A comprehensive home inspection is the most important step you can take in order to make sure that your home is structurally safe and your investment is sound. While inspections are often required by mortgage companies and have become a standard part of the closing process, potential home buyers are still making a number of mistakes which end up costing them dearly in the long run. Here are seven pitfalls you should avoid when working with a home inspector.
Just because the property is brand new and has passed all local codes and ordinances doesn’t mean that the home is without some issues. Code and enforcement inspections are less complete than a private inspection, and often omit inspecting anything that requires some digging, like crawl spaces and attics. A private inspection is the only way you can be sure the home has no major flaws.
You often get what you pay for, so the cheapest inspector you find may have the least experience, making him or her more likely to miss any potential issues. With social media and crowd sourcing sites, you can ask friends, families, and acquaintances for recommendations. Your realtor can offer a few recommendations; although you may want to interview a few before making a decision.
Licensing and certification requirements vary by state, and almost a third of states have no formal licensing requirement for home inspectors. Be sure to ask any potential inspectors about their education, training, and experience.

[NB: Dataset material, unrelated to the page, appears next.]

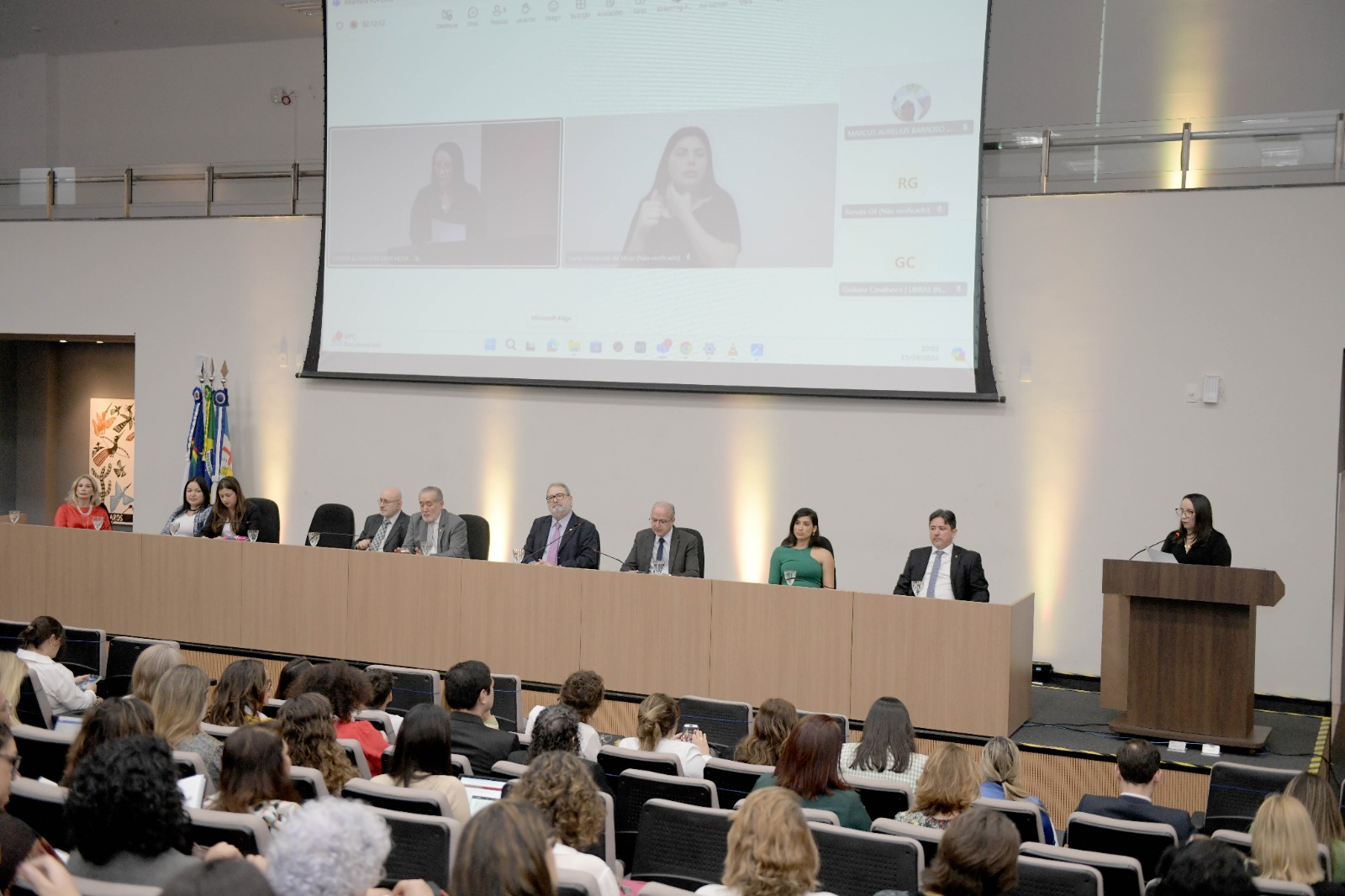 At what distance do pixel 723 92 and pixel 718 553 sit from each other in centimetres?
334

The American Society of Home Inspectors requires members to inspect 250 homes before they are eligible for membership, and the International Association of Certified Home Inspectors also has rigorous membership requirements.
A comprehensive report offers a good look at any potential issues and problems, but if you’re not present for the inspection, you’ll miss the opportunity to ask any questions and explore any recommendations.

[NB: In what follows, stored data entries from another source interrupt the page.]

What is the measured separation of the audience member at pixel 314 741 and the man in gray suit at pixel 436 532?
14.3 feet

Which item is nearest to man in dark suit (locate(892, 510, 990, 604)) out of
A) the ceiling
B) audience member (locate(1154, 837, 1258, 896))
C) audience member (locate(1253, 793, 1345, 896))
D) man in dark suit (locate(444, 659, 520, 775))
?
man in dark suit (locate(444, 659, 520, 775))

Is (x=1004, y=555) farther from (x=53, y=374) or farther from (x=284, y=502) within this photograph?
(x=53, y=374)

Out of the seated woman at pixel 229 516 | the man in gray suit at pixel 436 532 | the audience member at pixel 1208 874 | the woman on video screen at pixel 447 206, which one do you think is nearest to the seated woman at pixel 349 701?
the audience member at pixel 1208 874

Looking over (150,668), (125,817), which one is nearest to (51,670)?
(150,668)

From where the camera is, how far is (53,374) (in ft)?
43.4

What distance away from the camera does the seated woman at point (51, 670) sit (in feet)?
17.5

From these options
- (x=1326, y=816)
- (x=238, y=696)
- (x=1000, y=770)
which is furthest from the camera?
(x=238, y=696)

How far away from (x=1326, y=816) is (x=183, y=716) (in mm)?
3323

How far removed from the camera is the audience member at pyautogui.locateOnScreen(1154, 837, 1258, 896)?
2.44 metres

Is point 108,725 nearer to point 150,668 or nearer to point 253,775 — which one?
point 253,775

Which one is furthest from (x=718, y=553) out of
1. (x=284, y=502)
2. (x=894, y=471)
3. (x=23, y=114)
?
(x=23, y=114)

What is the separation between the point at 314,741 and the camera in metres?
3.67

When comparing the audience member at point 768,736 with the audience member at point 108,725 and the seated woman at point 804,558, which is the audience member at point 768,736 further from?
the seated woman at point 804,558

Home inspections are focused on finding and diagnosing physical problems with the property, and many inspections don’t explore or cover other issues, including lead paint, asbestos, and mold. If you suspect these may be issues, you may want to hire a separate specialist to handle this aspect for the inspection.
Buying a new home is expensive, but not following up on the recommendations of your home inspector can cost you much more down the line. While some of these repairs may be addressed at closing, you will want to follow up with any other recommendations sooner rather than later in order to avoid costly repairs.

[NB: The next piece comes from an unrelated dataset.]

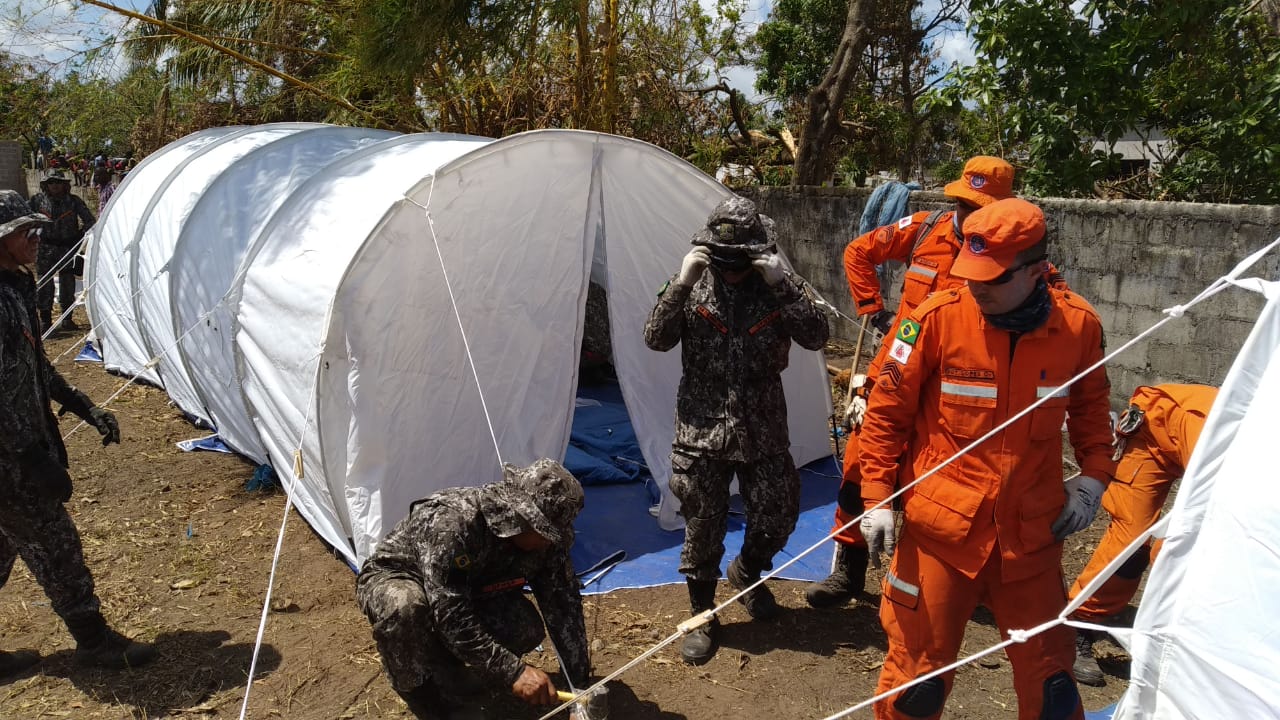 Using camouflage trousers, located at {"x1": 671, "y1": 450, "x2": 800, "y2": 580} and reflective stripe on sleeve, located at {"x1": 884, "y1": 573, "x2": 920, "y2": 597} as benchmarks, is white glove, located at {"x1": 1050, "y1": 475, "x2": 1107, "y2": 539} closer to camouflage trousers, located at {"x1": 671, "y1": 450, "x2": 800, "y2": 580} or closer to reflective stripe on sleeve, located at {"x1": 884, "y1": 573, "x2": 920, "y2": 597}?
reflective stripe on sleeve, located at {"x1": 884, "y1": 573, "x2": 920, "y2": 597}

There are plenty of tools in a home inspector’s toolbox, but a crystal ball isn’t one of them. While an experienced home inspector can provide trend and anecdotal data about your structure, he or she will not be able to guarantee that your A/C will last another 5 years. Take your inspector's recommendations to heart and plan accordingly for any major repairs or replacements.
A complete home inspection is the best way to protect your
investment long term. Be sure to find and work with an inspector you trust and
follow up on any recommendations for the best results.